Hope this helps get you to a quick resolution.

Cheers, Louis.

View solution in original post

Khaja_Zaffer · 3 weeks ago

May be there is internally some updates from databricks

Can Check and Switch Your Pipeline Channel, In the DLT pipeline settings (under Advanced > Channel), confirm if it's set to "Preview". Switch to "Current" for a more stable engine version, then trigger a full refresh. This often resolves issues from preview builds.

If it's already done then someone from databricks can answer

maninegi05 · 3 weeks ago

Thanks for the reply, but its already set to current.

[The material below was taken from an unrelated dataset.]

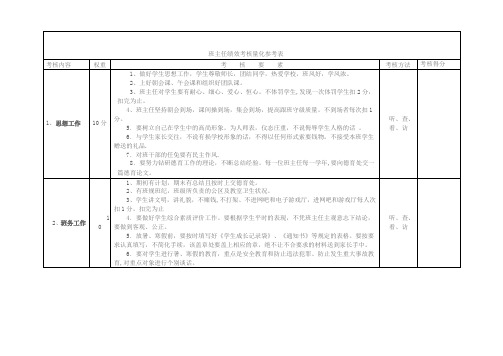 班主任绩效考核量化参考表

Louis_Frolio · 3 weeks ago

Greetings @maninegi05 , I did some digging internally and I believe some recent changes to the DLT image may be to blame. We are aware of regression issue and are actively working to address them.

TL/DR

Why you might see “LookupError: ContextVar 'parent_header'” at that line

This specific error originates from Python’s contextvars usage in IPython/Jupyter kernels. In notebook-driven pipelines, certain libraries (logging, display hooks, pretty printers, or transitive dependencies) can attempt to access a Jupyter context that isn’t present in the DLT execution environment, and a change in the 16.4.10 image appears to have made this interaction more brittle. The symptom can show up at innocuous lines (like withColumn(col("_metadata.file_path"))) because the failure is triggered when the runtime tries to format or log dataframe expression objects, not necessarily by the Spark API itself. The above runtime-level changes and regressions match the timeframe of your disruption.

Mitigations to help unblock you

Try the following low-risk steps while the hotfix completes across regions:

If you’re on the Preview channel, switch the pipeline to the Current channel for production workloads. DLT does not let you pick an exact DBR; channel selection is the supported control surface.
Replace _metadata.file_path with the built-in input_file_name() for now:
```
from pyspark.sql import functions as F

result_df = result_df.withColumn("input_file_path", F.input_file_name())
```
This often sidesteps the Jupyter contextvar involvement and is compatible with Auto Loader/file-based sources, even if it’s not identical to _metadata.file_path in all edge cases.
Scan for implicit IPython/Jupyter hooks in your pipeline notebooks or shared utils:
- Avoid importing IPython, using display hooks, or pretty-printing dataframe plans/columns during pipeline initialization.
- Check logging formatters or decorators that might pull in IPython pretty printers.
If the failures persist, collect and share these details to expedite an engineering review:
- Pipeline ID(s), workspace and region, the exact image key you cited, and the full stack trace from Update Details → Logs.
- Whether code paths pass non-boolean values (like None) to @dlt.table(... temporary=...) or private=... — one 16.4.10 regression specifically affected Python typing in those decorators and was hotfixed.
- Whether any schema inference vs declared schema mismatches appeared after the image upgrade (there was a 16.4.10 issue in that space that engineering has been mitigating).

What you can expect next

Engineering has been actively deploying fixes for the 16.4.10 image regressions; if your workspace hasn’t picked up the hotfix yet, the above mitigations should limit disruption in the interim.
If this remains blocking, an Engineering Support ticket with the artifacts above will allow Lakeflow/DLT oncall to confirm whether your workspace needs a targeted pin/rollback or to apply the already-available hotfix in your region.